2. Der Bundesrat garantiert eine kohärente und integrierte Weltraumpolitik einerseits durch den Interdepartementalen Koordinationsausschuss für Raumfahrtfragen (Ikar), welcher für die Abstimmung der Raumfahrtaktivitäten innerhalb der Bundesverwaltung zuständig ist. Andererseits berät die Eidgenössische Kommission für Weltraumfragen (EKWF) den Bundesrat in der strategischen Beurteilung des Raumfahrtsektors und unterstützt ihn bei der Erarbeitung und Anpassung von Massnahmen.

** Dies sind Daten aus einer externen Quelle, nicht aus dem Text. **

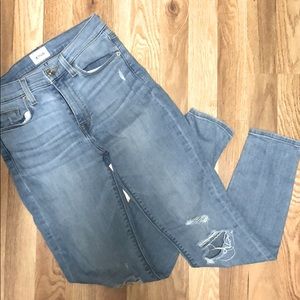 Hudson high rise skinny jeans size 25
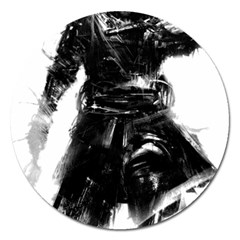 Assassins Creed Black Flag Tshirt Magnet 5  (round) by iankingart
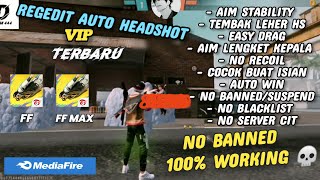 KONFIG FF ‼️ REGEDIT AUTO HEADSHOT X AIM STABILIZER TERBARU 2024 ANTI BANNED [upl. by Naniac318]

3. Der Bundesrat beobachtet die Entwicklungen genau. Durch die Sicherstellung guter Rahmenbedingungen bei der Teilnahme der Schweiz an Programmen der ESA und darüber hinaus (beispielsweise am europäischen Programm für Satellitennavigation Galileo) kann die Schweizer Raumfahrtindustrie ihre Wettbewerbsposition für weltweite institutionelle und private Märkte sichern und kontinuierlich ausbauen. Im Rahmen der ESA-Programme ist dabei die Ausgewogenheit von Konkurrenz und Zusammenarbeit ein Garant für Exzellenz und Wettbewerbsfähigkeit der Schweizer Akteure.

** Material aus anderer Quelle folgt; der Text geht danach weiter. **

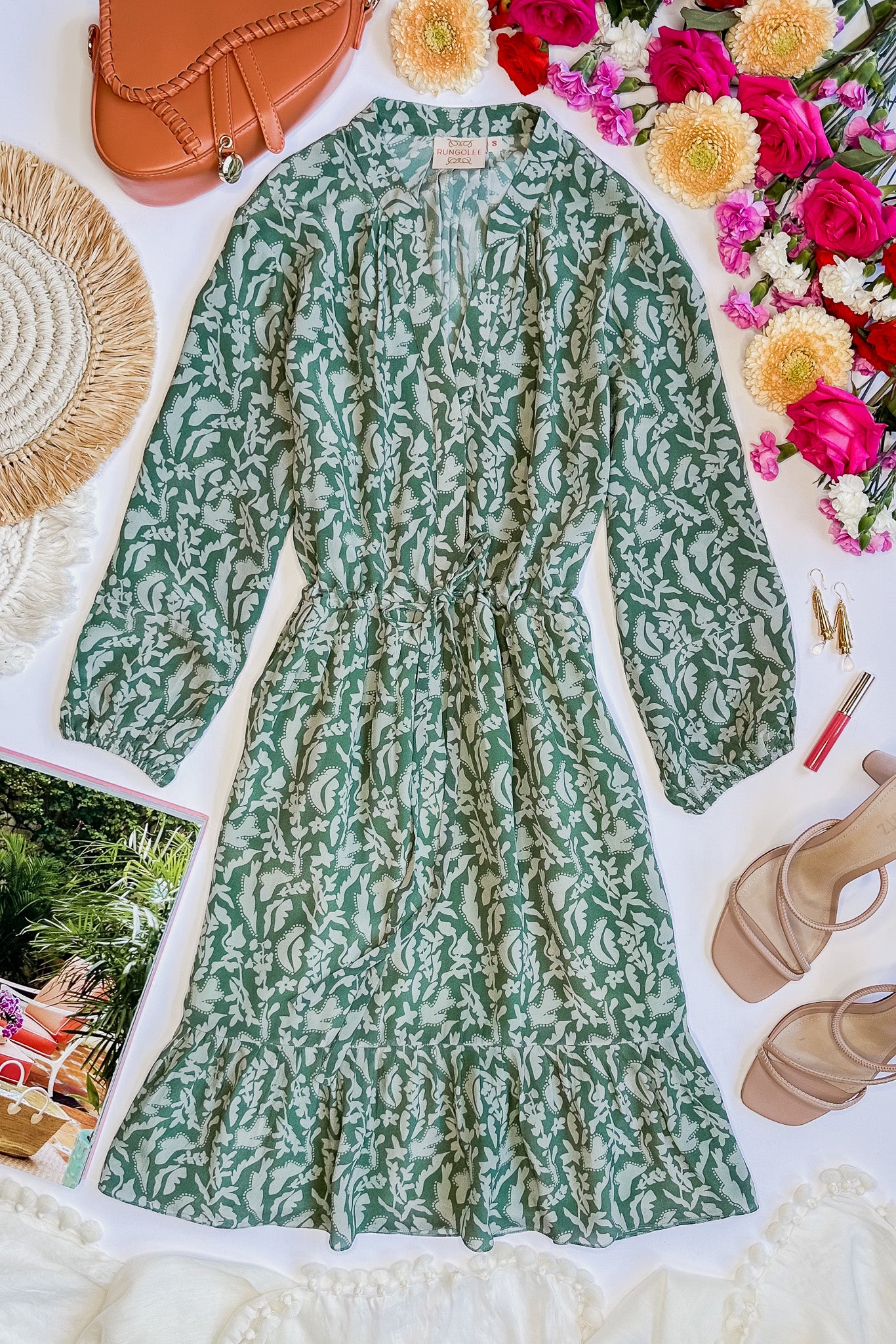 Reese 3/4 Sleeve Dress Cabana Ibiza Floral / M Reese 3/4 Sleeve Dress Cabana Ibiza Floral / M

4. Der Bundesrat integriert nationale, internationale und ausländische Kompetenz einerseits über die Teilnahme an den Programmen der ESA und eine aktive Rolle in den Koordinations- und Steuerungsorganen der ESA, andererseits aber auch über die bereits erwähnten nationalen Koordinationsmechanismen Ikar und EKWF (siehe oben Frage 2). Initiativen wie das ESA Business Incubation Center (welches die gesamte Schweiz abdeckt) und Aktivitäten im Rahmen des Swiss Space Center ermöglichen, dass neue Akteure und neue technologische und wissenschaftliche Entwicklungen erkannt und zielgerichtet in das Raumfahrt-Ökosystem im weiteren Sinne integriert werden. Die Bundesverwaltung verfügt über ein gutes Netzwerk und pflegt informelle Kontakte zu den eingangs erwähnten internationalen und ausländischen Organisationen. Diese tragen dazu bei, dem Bundesrat ein gutes Gesamtbild der Entwicklungen im Raumfahrtbereich zu ermöglichen.
5. Das SBFI verfolgt weiterhin die internationalen Entwicklungen. An der Ausgangslage hat sich seit der Beantwortung der Interpellation 16.3554, "Rohstoffgewinnung im Weltraum", nichts geändert.
6. Die Schweiz hat vier der fünf UN-Verträge im Weltraumbereich ratifiziert. Bislang wurden diese Verträge nicht in innerstaatliches Recht umgesetzt, und es besteht somit kein spezifischer nationaler Rechtsrahmen für Weltraumtätigkeiten. Folglich ist auch der Weltraumtourismus nicht spezifisch reglementiert.
7. Im Rahmen der regelmässigen Überprüfung der Schwerpunkte in der Raumfahrt (SSIP 2018-2020, siehe oben Frage 1) passt der Bundesrat jeweils die Massnahmen zur Umsetzung der Weltraumpolitik an. Dazu gehört auch die Frage, inwiefern sich die Prioritäten bei den institutionellen Partnern (ESA) in Bezug auf die "Sicherung des Zugangs zum Weltraum" verändern. Die Schweizer Weltraumindustrie insgesamt ist breit und gut genug aufgestellt, um in verschiedenen Geschäftsfeldern im Raumfahrtsektor erfolgreich zu sein.